Aliás, larguei o curso de tecnico de informática porque ali me foi dito que eu não me destacaria porque era profissão de homem. Fui atrás da comunicação achando que, enquanto profissional liberal, eu estaria menos sujeito à opressão de mercado.

Entretanto, me deparei com um grupo secreto na Casa1 feito para apoiar os homossexuais contra boicotes profissionais, de forma que pudessem socializar e se amparar entre si, em segredo, para que ninguém descobrisse suas identidades.

E, posteriormente, quando já ativista, porque nunca tive “passabilidade heterossexual”, o Show na universidade fez questão de me representar como uma “bicha estereotipada” frente a 400 alunos que aplaudiam enquanto me ridicularizavam.

Talvez, pressupor que gays notórios usufruam dos mesmos privilégios que “os homens de verdade” se torne um tipo de homofobia porque pressupõe uma “democracia sexual”, como se a homofobia não afetasse a leitura do “ser-homem”, ou seja, como se a homofobia não existisse.

Ilustração da bandeira LGBT. Foto: Banco de imagem

Aliás, vou comentar sobre a noção de passabilidade.
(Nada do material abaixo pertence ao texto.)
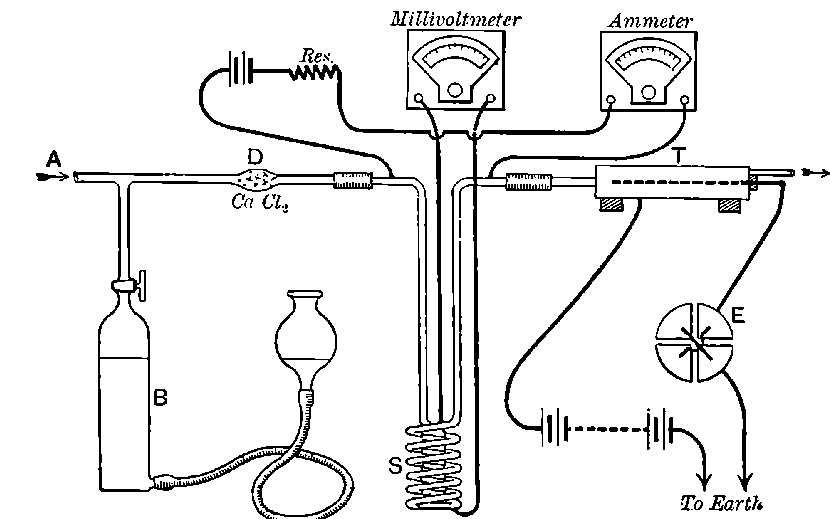 Fig. 59.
Tendo em vista que a homossexualidade entra em conflito intrínseco com a socialização masculina, sou adepto da hipótese de que toda passabilidade heterossexual de homens gays recorre a uma performance artificial, que fetichiza a masculinidade e a torna objeto de mimese.

O homossexual aceito é o homossexual que não parece um, ou seja, o que preserva toda a performance de homens cuja subjetividade se direciona ao consumo misógino de mulheres. Por isso, o homossexual aceito é aquele que, além da performance masculina, não expõe a própria sexualidade, ao ponto de permitir que todos esqueçam que ele é gay.
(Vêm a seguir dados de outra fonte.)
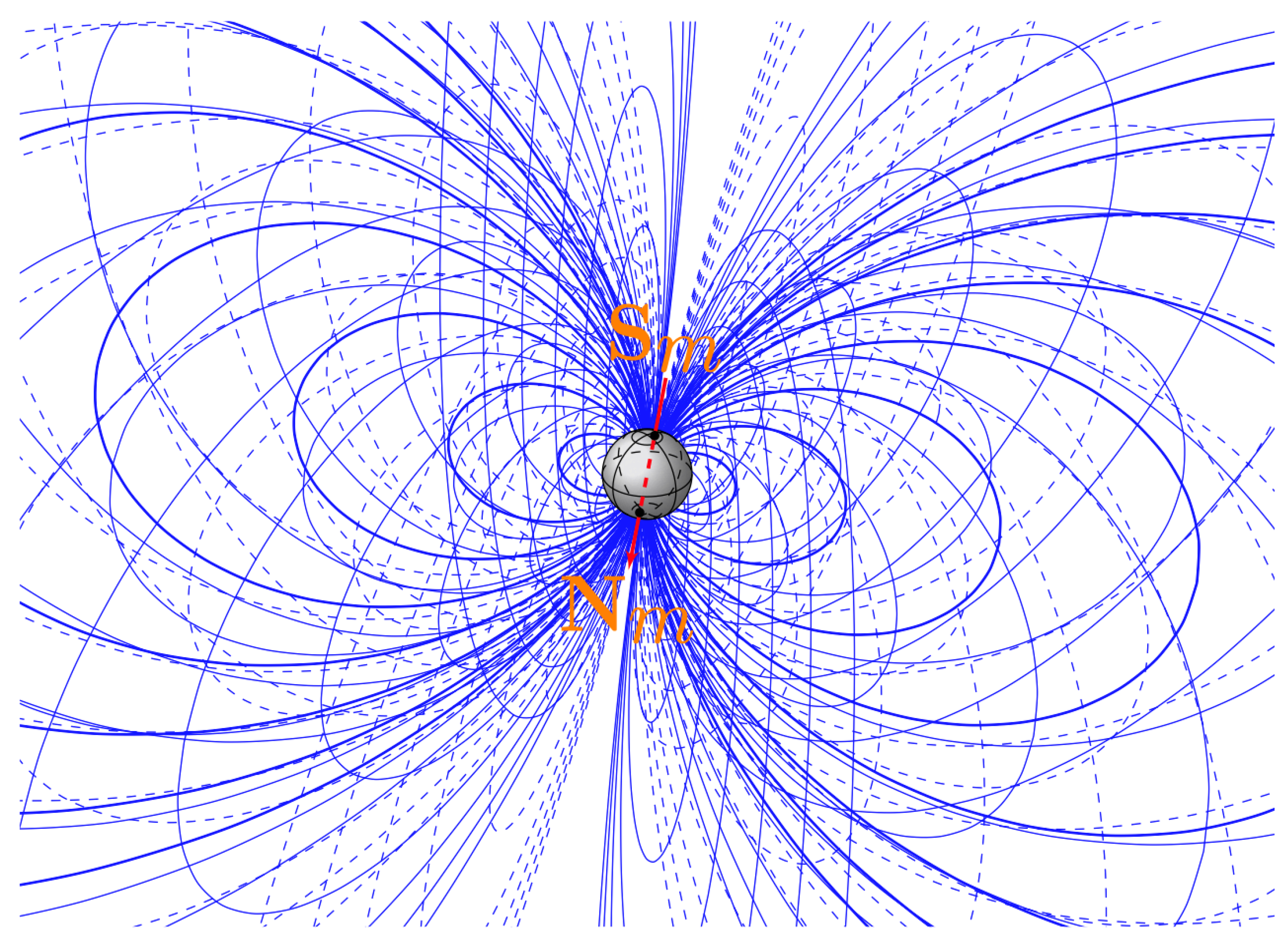 Magnetic Field Demonstrator 3d Physic Lab Instruments Laboratory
Daí advém a dificuldade, por exemplo, de expor beijo gay em novela e etc. O fato é que os homossexuais que adotam a performance heteronormativa o fazem para negar a própria homossexualidade, buscando se integrar a uma sociedade que não aceita desvios aparentes e apenas “tolera” as diferenças quando elas não afetam mais os sentidos.
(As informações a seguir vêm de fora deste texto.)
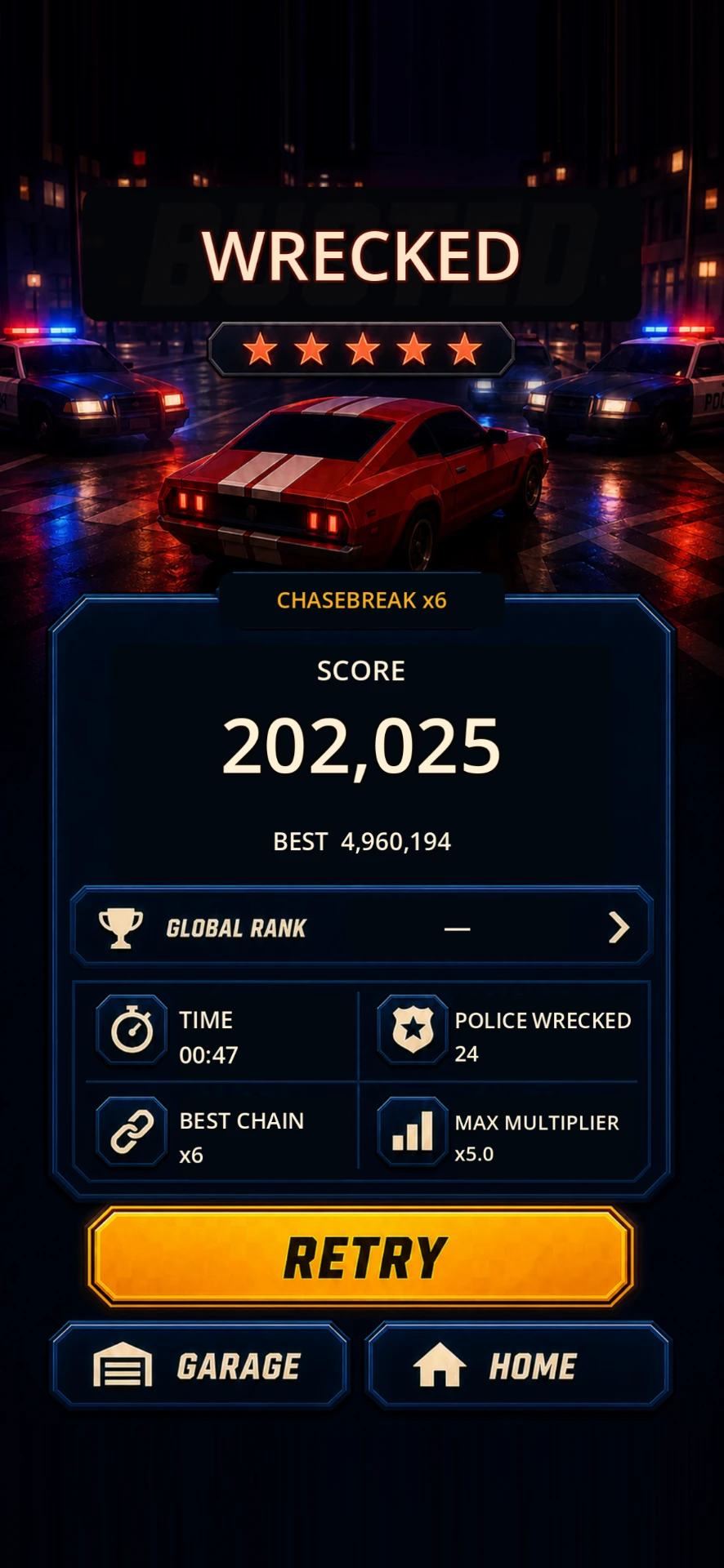 Chasebreak — Run summary and best score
Obviamente que a melhor arma da invisibilização é fazer as próprias vítimas introjetarem os pressupostos da opressão, fazendo-as achar que “não precisam deixar de ser homens para serem gays”, ou seja, que podem deixar de aparentar ser gays.

Enfim, acredito que, em função da intersecção íntima e inseparável entre sexualidade e gênero, a noção de homem-cis merece todas as ressalvas para não cair na opressão de invisibilizar a homofobia existente.

Entender a homossexualidade é entender o impacto dela sobre a construção de gênero e como isso se relaciona com o ser-homem.

E, cabe a ressalva, é evidente que o ser-gay não envolve necessariamente ir em direção à feminilidade, como alguns gays “discretos” devem protestar, mas algo precisa ser asseverado aqui: ser lido como gay é nunca ser aceito como plenamente homem do ponto de vista da sociedade heteronormativa-machista-homofóbica, não importa o quão masculino pareça, de forma que estabelecer uma performance masculina buscando atenuar a homofobia nunca será uma defesa real.

Ela somente assevera os pressupostos já existentes da construção masculina-heteronormativa-machista-homofóbica padrão e só lhe torna integrável por justamente militar a favor dela.

Entretanto, afirmo, nunca estaremos emancipados se nossa referência de positividade for os pressupostos da própria opressão.